Section 5: Fee‑for‑Service Prior Authorizations : 5.1 General Information About Prior Authorization : 5.1.8 Prior Authorization for Nonemergency Ambulance Transport

5.1.8
According to 1 TAC §354.1111, nonemergency transport is defined as ambulance transport provided for a Medicaid client to or from a scheduled medical appointment, to or from a licensed facility for treatment, or to the client’s home after discharge from a hospital when the client has a medical condition such that the use of an ambulance is the only appropriate means of transportation (i.e., alternate means of transportation are medically contraindicated).
Refer to:
The Ambulance Services Handbook (Vol. 2, Provider Handbooks) for more information about ambulance services.
According to Human Resource Code (HRC) §32.024 (t), a Medicaid-enrolled physician, nursing facility, health-care provider, or other responsible party is required to obtain authorization before an ambulance is used to transport a client in circumstances not involving an emergency.
HRC states that a provider of nonemergency ambulance transport is entitled to payment from the nursing facility, health-care provider, or other responsible party that requested the service if payment under the Medical Assistance Program is denied because of lack of prior authorization and the ambulance provider submits a copy of the claim for which payment was denied.
Refer to:
The Medical Transportation Program Handbook (Vol. 2, Provider Handbooks) for more information about the Medical Transportation Program.
TMHP responds to nonemergency transport prior authorization requests within 2 business days of receipt of requests for 60 days or less. Providers should submit all requests for a prior authorization number (PAN) in sufficient time to allow TMHP to issue the PAN before the date of the intended transport.
If the client’s medical condition is not appropriate for transport by ambulance, nonemergency ambulance services are not a benefit. Prior authorization is a condition for reimbursement but is not a guarantee of payment.
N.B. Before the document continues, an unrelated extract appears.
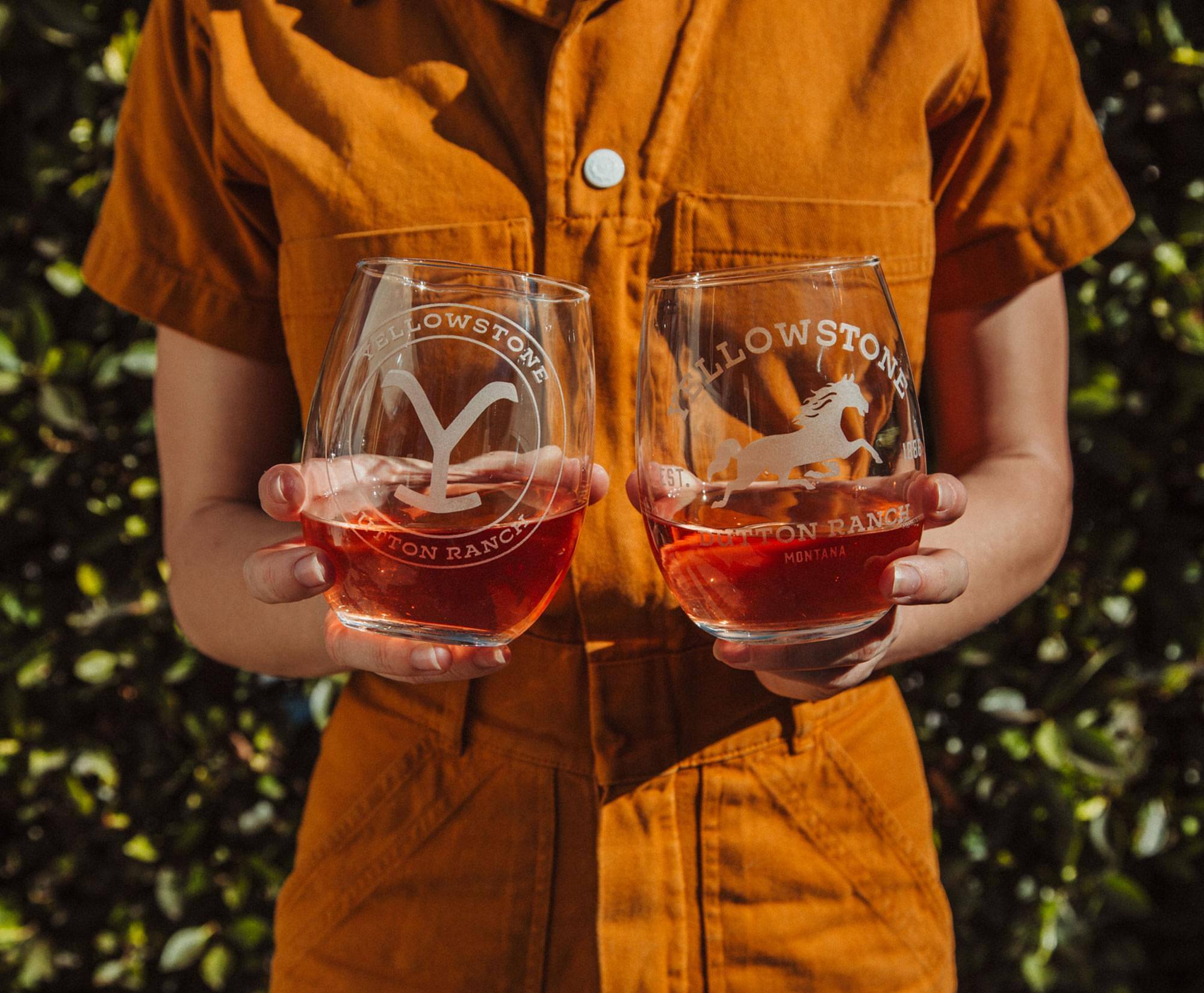 YELLOWSTONE  
EST.  
DUTTON RANCH  
MONTANA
The client and provider must meet all of the Medicaid requirements, such as client eligibility and claim filing deadlines.
Medicaid providers who participate in one of the Medicaid Managed Care health maintenance organization (HMO) plans must follow the HMO’s prior authorization requirements.
The TMHP Ambulance Unit reviews the prior authorization request to determine whether the client’s medical condition is appropriate for transport by ambulance. Incomplete information may cause the request to be suspended for additional medical information or be denied.
The following information helps TMHP determine the appropriateness of the transport:
An explanation of the client’s physical condition that establishes the medical necessity for transport. The explanation must clearly state the client’s condition requiring transport by ambulance.
Prior authorization is required when an extra attendant is needed for any nonemergency transport.
When a client’s condition changes, such as a need for oxygen or additional monitoring during transport, the prior authorization request must be updated.